Kevin Rose at LeWeb: "I Made a Lot of Mistakes at Digg"
Talking to TWiT‘s Leo Laporte and Sarah Lane at LeWeb today, Digg‘s founder Kevin Rose noted that he made lots of mistakes while he was still in charge of the popular social bookmarking site. According to Rose, “the first three years were insane.” Rose, however, acknowledged, that he learned a lot on the job by making plenty of mistakes, most importantly with regard to hiring and feature development.
Rose’s Biggest Mistakes: Hiring, Feature Development
According to Rose, “there is a temptation that you want to throw as many developers as possible at a problem.” As Digg was built on top of PHP, the company would hire too many developers that specialized in this language.
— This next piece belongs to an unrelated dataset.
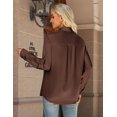 thumbnail image 5 of Zeagoo Womens Satin Blouse Long Sleeve V Neck Shirts Dressy Casual Button Down Business Shirts With Pockets, 5 of 6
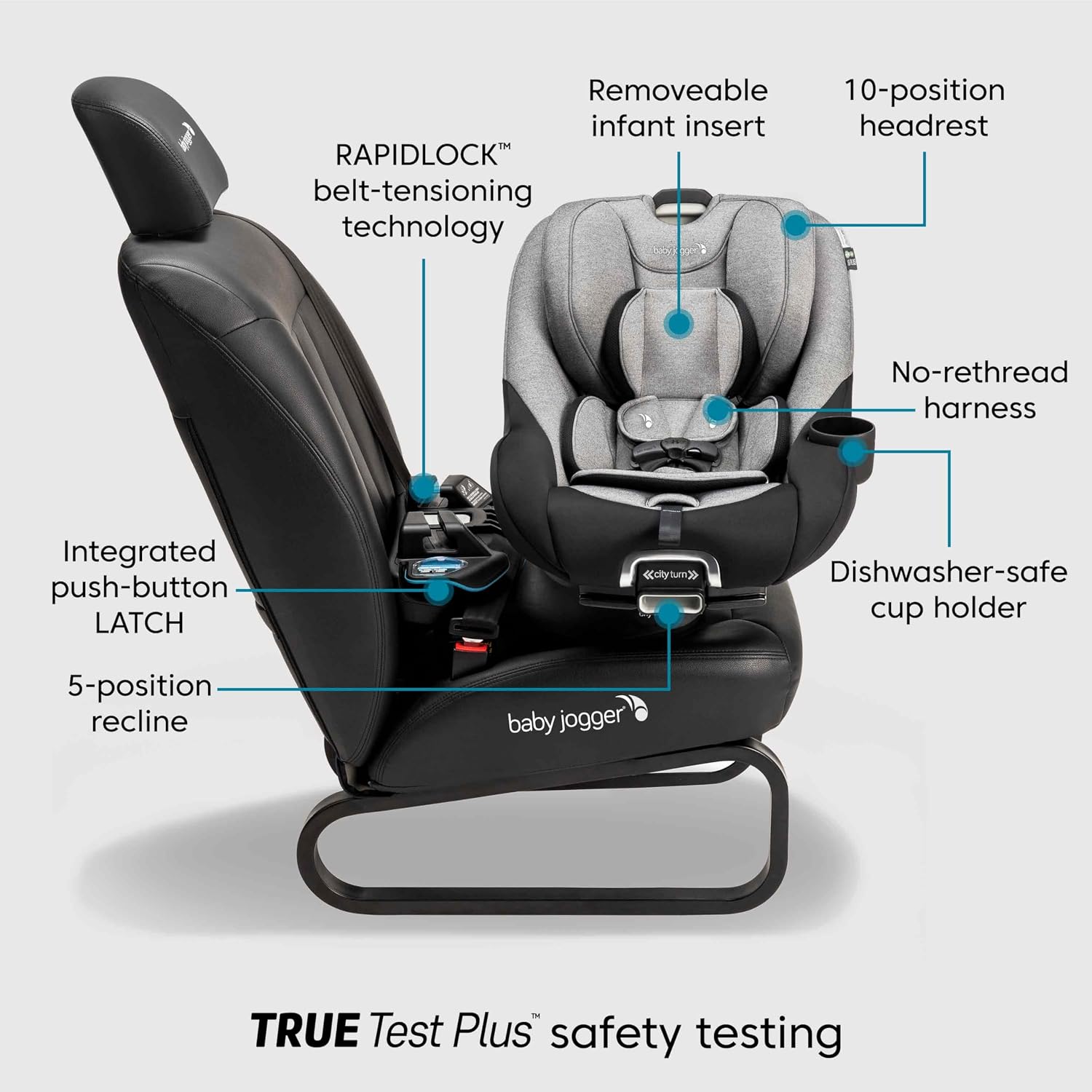 Baby Jogger City Turn Rotating Car Seat 180-Degree Turn, Lightweight Convertible Car Seat, Rear Facing to Forward Facing for Newborn to Toddlers, Coolmax Fabric, Onyx Black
Then, however, Rose noted, “you end up with lots of PHP developers, but at some point, PHP isn’t a problem anymore and you are stuck with all of those developers.” At that point, said Rose, you end up having to hire a lot of developers that can do other things and don’t know what to do with the old developers.
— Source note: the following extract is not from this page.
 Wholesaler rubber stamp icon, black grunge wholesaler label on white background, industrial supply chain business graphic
Talking about the Digg community, Rose also noted that keeping the often unruly group of users on the site in control was often a problem. During the last presidential election in the U.S., for example, Rose would get death threats when too many pro-Obama stories hit the Digg frontpage.
Digg today still gets about 20 million uniques according to Rose, but at the height of the service’s popularity, it was getting about 38 million uniques.